CLIベースのNW自動化に伴う情報管理あれこれ

しばらく blog かいてなかったですな…。ちょっとお仕事的に過去のあれこれを思い出したので書いておきます。

従来のネットワーク機器、ネットワークシステムに対して、いろいろと操作を自動化したい場合

  • 現在のステータスを自動的に取得して整理・整形・可視化したい
  • 物理的・論理的な構成変更要求に対して、一部または全部の操作を自動実行したい

みたいなことがありますよね。よくやるのが、設定情報やコマンド塔をあらかじめ用意して(テンプレート化して)、実行時にパラメータを埋め込んでコマンドを生成し、telnet/ssh などで機器へ自動投入する、みたいな話じゃないかと思います。

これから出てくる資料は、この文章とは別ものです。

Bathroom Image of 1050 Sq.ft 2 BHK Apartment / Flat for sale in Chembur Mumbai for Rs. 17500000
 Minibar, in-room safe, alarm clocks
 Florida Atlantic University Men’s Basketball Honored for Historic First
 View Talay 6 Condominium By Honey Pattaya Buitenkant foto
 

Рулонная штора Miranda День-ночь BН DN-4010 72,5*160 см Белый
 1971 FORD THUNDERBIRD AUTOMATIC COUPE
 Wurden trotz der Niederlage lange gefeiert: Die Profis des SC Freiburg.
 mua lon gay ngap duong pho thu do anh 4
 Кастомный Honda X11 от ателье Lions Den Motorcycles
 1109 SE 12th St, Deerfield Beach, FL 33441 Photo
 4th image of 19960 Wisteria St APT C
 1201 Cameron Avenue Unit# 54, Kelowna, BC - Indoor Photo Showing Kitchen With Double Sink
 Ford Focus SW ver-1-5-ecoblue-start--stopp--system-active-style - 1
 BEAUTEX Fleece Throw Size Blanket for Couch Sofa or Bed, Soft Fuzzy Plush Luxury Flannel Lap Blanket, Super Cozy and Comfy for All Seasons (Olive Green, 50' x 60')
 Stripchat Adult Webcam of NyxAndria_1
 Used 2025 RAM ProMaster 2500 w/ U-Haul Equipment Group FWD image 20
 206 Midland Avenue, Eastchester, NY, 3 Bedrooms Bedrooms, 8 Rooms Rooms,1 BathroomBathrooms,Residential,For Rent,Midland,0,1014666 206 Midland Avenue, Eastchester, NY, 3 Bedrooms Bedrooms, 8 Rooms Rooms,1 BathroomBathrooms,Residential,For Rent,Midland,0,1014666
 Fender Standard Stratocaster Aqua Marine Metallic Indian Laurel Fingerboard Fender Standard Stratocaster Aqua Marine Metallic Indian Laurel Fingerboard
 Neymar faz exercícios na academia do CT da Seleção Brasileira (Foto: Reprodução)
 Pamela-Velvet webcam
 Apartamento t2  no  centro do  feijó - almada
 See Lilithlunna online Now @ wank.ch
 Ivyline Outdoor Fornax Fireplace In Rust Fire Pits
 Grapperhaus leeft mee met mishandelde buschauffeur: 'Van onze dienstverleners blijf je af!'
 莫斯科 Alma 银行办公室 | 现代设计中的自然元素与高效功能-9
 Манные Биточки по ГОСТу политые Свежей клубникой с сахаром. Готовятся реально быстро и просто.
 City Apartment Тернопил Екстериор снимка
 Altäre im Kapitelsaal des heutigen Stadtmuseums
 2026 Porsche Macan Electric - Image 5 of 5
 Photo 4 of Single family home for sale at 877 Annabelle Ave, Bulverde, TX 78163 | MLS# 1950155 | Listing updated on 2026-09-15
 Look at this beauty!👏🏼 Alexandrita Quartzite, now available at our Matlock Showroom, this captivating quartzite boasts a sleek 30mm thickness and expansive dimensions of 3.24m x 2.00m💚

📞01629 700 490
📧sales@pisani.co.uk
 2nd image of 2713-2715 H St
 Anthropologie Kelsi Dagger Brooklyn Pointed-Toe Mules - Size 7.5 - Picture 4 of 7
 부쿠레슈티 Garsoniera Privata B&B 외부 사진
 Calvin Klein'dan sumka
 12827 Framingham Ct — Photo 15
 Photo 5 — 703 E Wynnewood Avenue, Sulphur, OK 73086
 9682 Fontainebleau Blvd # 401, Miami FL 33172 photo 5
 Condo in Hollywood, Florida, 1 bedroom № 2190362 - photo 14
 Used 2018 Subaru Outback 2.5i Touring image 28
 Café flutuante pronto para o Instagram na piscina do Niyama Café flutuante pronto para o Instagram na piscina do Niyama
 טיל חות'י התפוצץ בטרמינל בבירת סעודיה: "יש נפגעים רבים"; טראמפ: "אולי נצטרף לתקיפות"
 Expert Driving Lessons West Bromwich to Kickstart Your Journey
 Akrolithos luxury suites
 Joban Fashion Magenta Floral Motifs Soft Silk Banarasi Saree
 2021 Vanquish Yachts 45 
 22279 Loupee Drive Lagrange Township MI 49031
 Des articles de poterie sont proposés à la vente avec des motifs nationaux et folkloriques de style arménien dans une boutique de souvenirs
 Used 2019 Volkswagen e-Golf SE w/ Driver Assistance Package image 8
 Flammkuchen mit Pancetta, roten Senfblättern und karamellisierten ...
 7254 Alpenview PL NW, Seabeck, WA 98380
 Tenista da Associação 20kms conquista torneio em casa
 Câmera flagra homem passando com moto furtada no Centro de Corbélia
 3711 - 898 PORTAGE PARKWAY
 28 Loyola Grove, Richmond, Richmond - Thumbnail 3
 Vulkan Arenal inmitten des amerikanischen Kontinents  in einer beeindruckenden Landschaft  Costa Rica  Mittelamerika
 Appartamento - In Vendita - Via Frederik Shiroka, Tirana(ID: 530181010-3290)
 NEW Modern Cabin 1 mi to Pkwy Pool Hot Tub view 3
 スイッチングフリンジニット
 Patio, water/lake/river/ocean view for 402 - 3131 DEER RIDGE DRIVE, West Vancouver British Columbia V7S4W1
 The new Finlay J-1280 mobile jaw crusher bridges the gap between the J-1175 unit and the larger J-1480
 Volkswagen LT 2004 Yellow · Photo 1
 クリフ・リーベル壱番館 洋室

こういう話について、設定(コンフィグ)生成のための情報をどう持ってどう管理するか……というのはまあ状況によりけりだとは思いますが……形はどうあれ、何らかのデータストアを持つようにしたりしますよね。たとえば私が過去にやったことがあるのだと、Excel でネットワーク機器のパラメータシートを作ったら、記入されたパラメタを元に L2/L3 スイッチのコンフィグを生成するマクロを作ってみたりとかをやったことがあります。もうちょっと頑張って、Excel をパラメタ一覧として作って、それに機材の情報(コンフィグ生成のためのメタデータ)も含めておいて、コンフィグテンプレートを自動的に組み合わせ、もうちょっといろんなコンフィグを自動生成する……というのも見たことがあります。大きなシステムを扱っているところだと、構成管理データベース(CMDB)みたいなのを用意して、そこの情報を元に操作の自動化(そのためのコマンドやコンフィグの生成)なんてことをやってたり、というのもあるでしょう。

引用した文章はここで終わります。